TASK DETAILS
Could you restate word for word only the lines below from the one holding "A black and" to the one holding "Montana West Womens", inclusive, and leave out the pictures?

EXTRACTED RECORDS
────

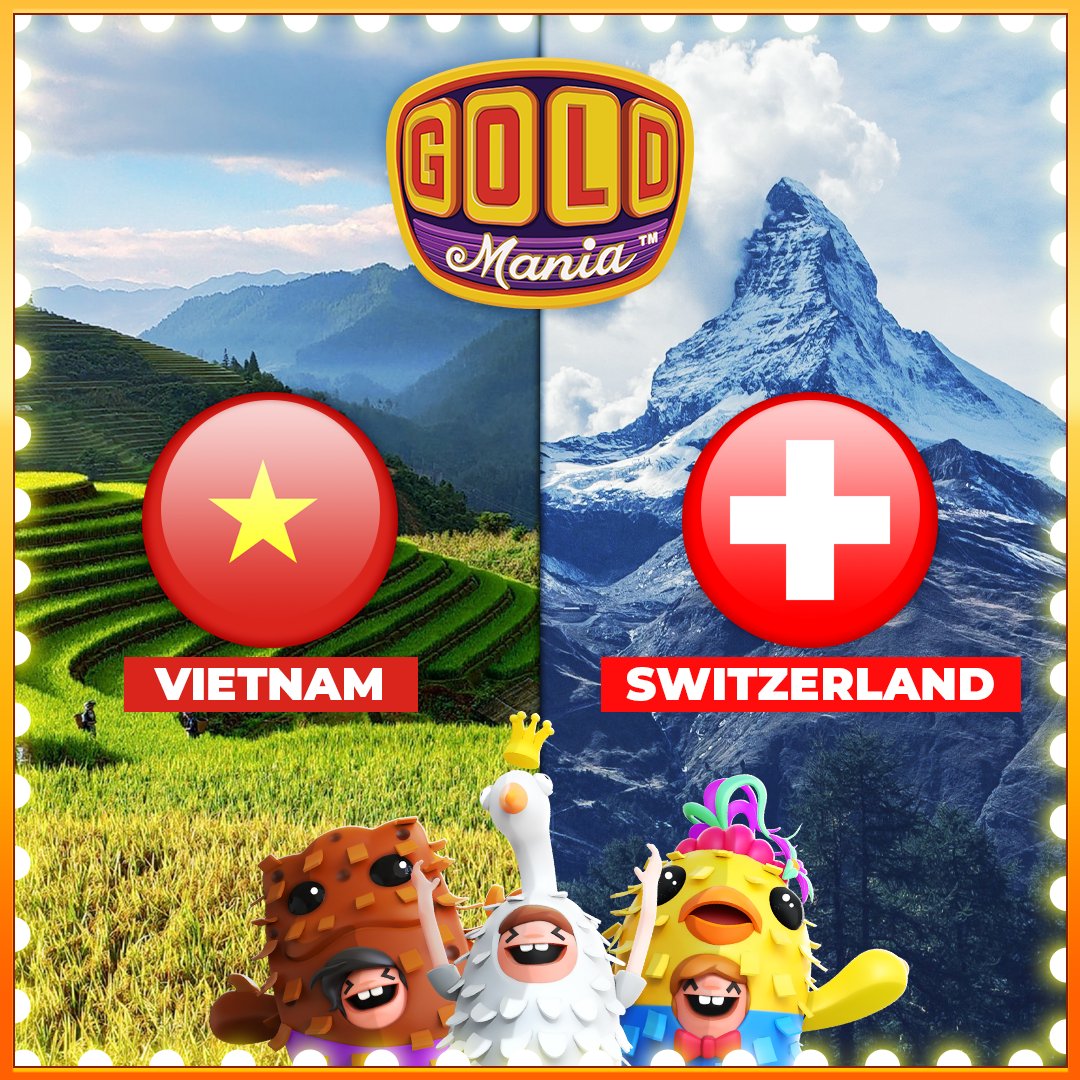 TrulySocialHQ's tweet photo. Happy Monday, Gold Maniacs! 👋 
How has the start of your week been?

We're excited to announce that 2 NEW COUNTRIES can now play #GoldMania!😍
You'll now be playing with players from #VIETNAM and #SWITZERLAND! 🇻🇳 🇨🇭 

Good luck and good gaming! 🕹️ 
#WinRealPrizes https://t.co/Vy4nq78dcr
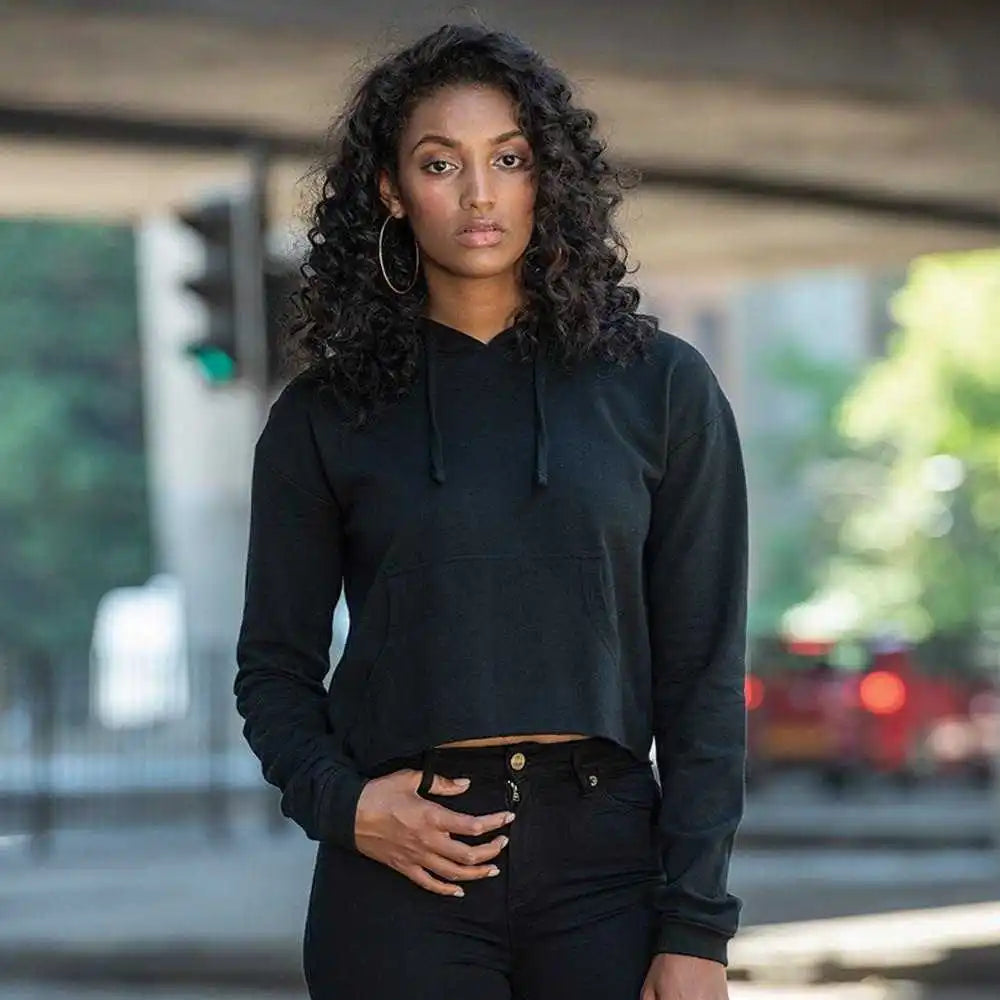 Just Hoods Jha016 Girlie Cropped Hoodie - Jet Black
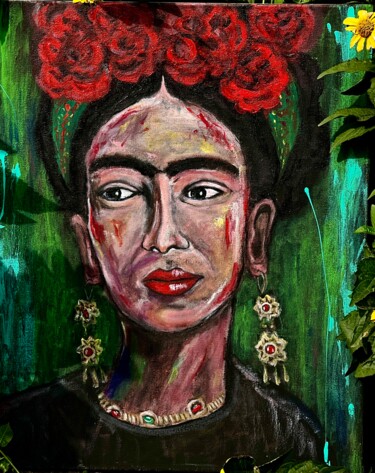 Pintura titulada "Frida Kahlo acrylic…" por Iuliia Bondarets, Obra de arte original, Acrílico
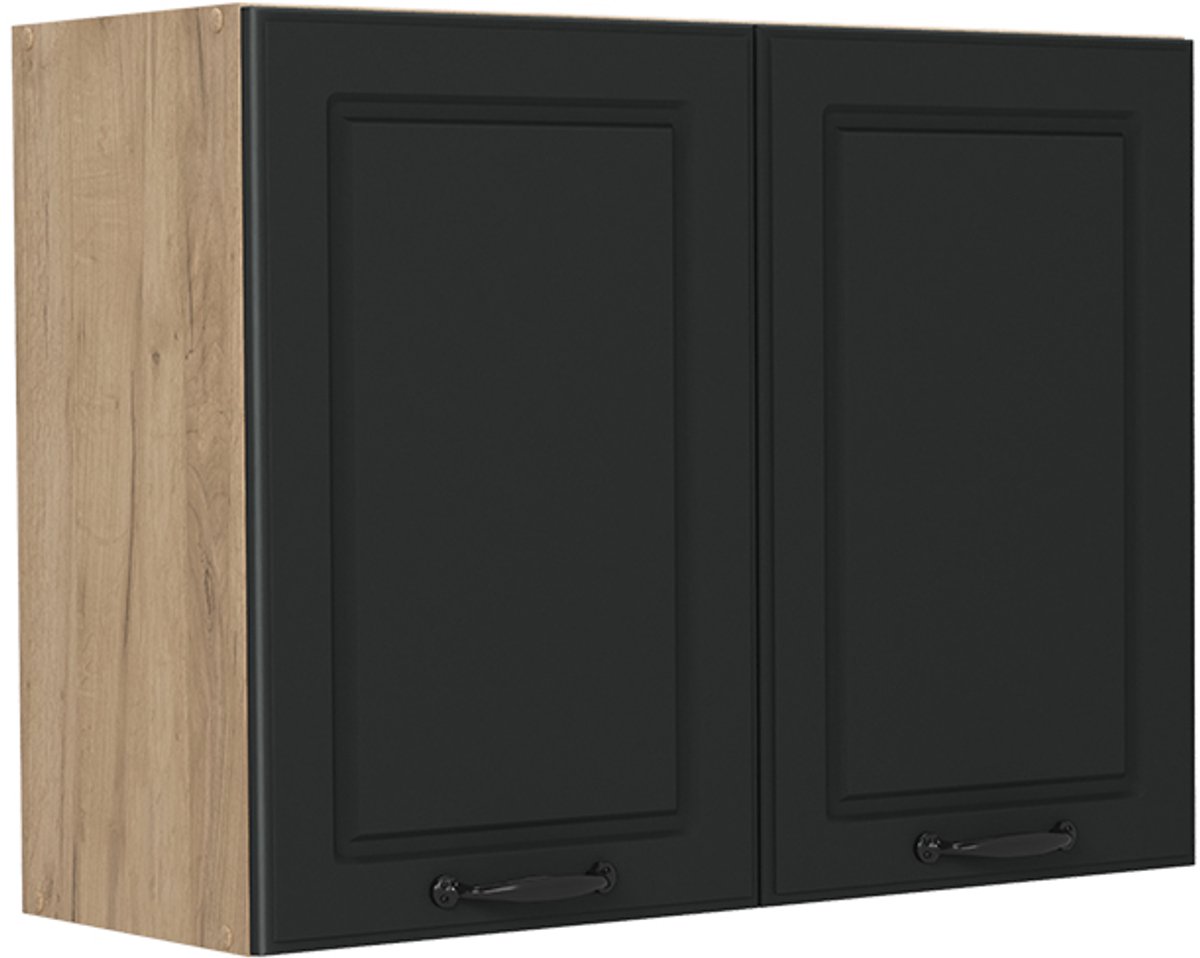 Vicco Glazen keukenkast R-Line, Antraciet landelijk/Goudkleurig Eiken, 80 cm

────

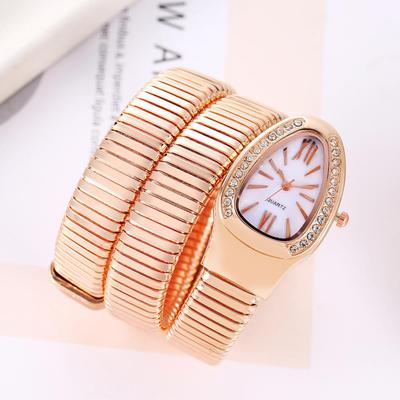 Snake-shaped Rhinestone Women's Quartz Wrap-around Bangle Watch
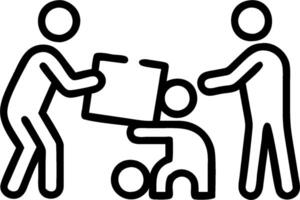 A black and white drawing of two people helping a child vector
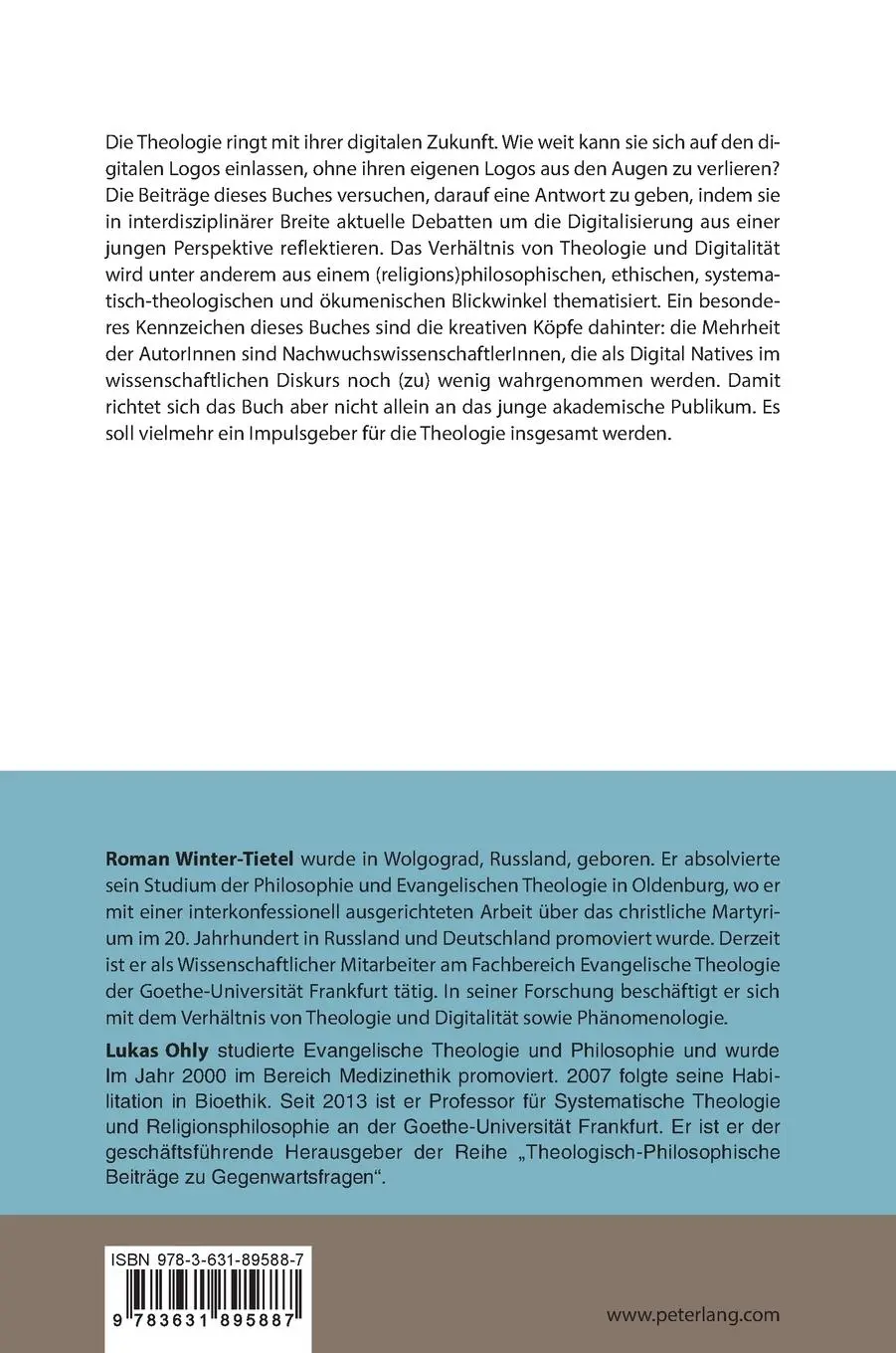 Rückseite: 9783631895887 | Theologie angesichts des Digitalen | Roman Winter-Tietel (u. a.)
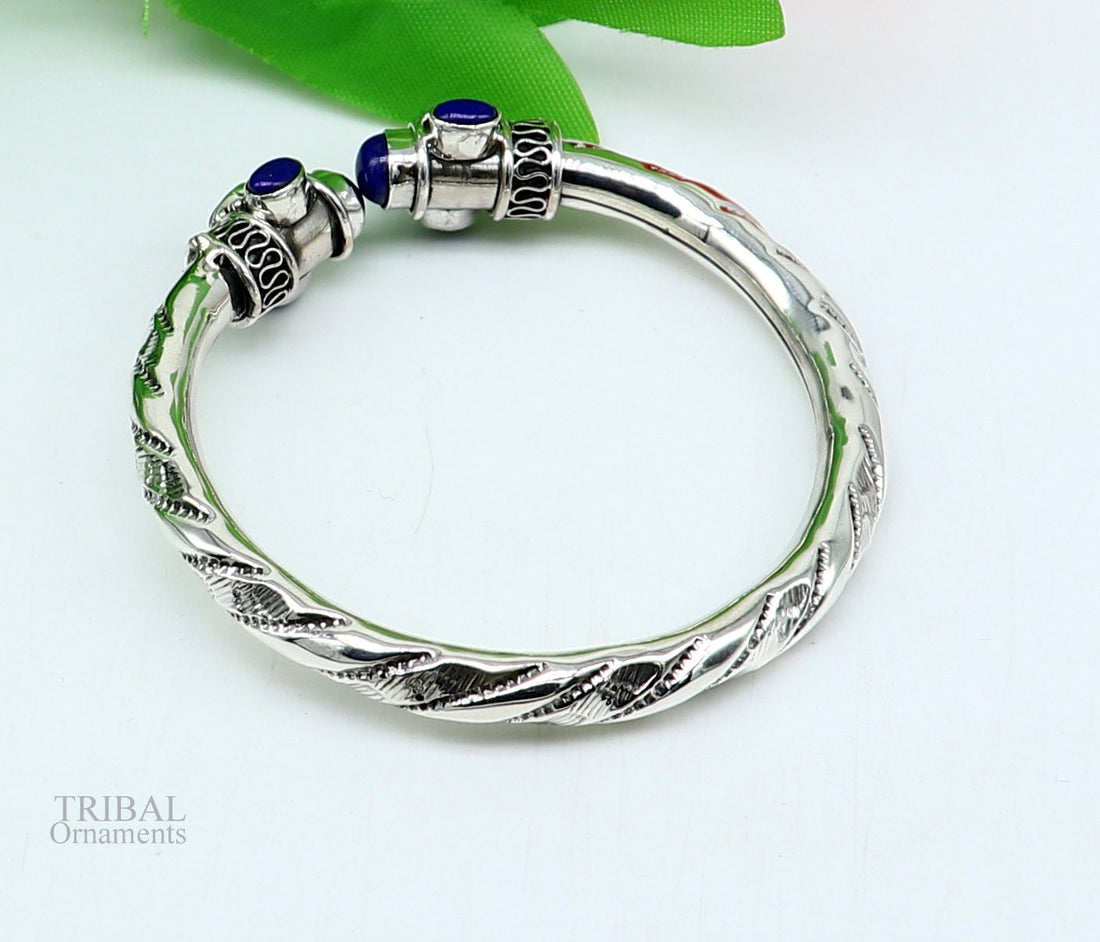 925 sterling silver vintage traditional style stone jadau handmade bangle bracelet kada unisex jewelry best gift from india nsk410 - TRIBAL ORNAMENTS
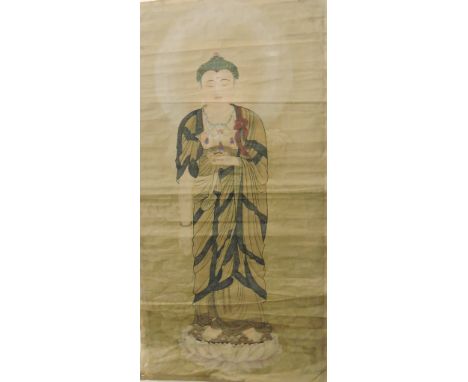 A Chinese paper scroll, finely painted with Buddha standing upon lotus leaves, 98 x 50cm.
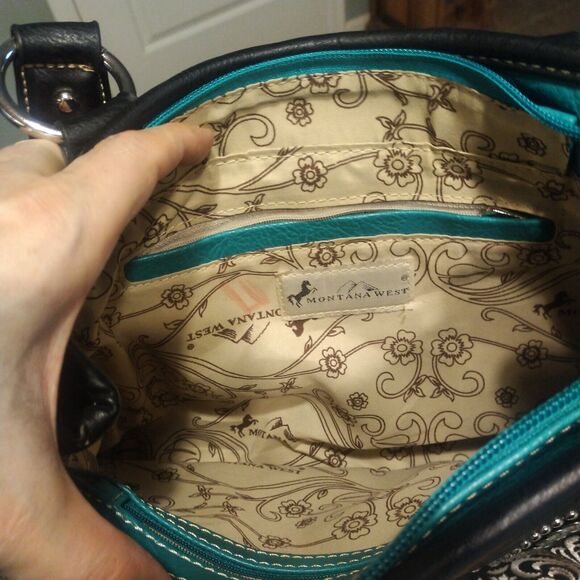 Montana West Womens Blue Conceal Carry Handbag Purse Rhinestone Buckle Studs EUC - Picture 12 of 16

────

ANSWER SECTION
 A black and white drawing of two people helping a child vector
 Rückseite: 9783631895887 | Theologie angesichts des Digitalen | Roman Winter-Tietel (u. a.)
 925 sterling silver vintage traditional style stone jadau handmade bangle bracelet kada unisex jewelry best gift from india nsk410 - TRIBAL ORNAMENTS
 A Chinese paper scroll, finely painted with Buddha standing upon lotus leaves, 98 x 50cm.
 Montana West Womens Blue Conceal Carry Handbag Purse Rhinestone Buckle Studs EUC - Picture 12 of 16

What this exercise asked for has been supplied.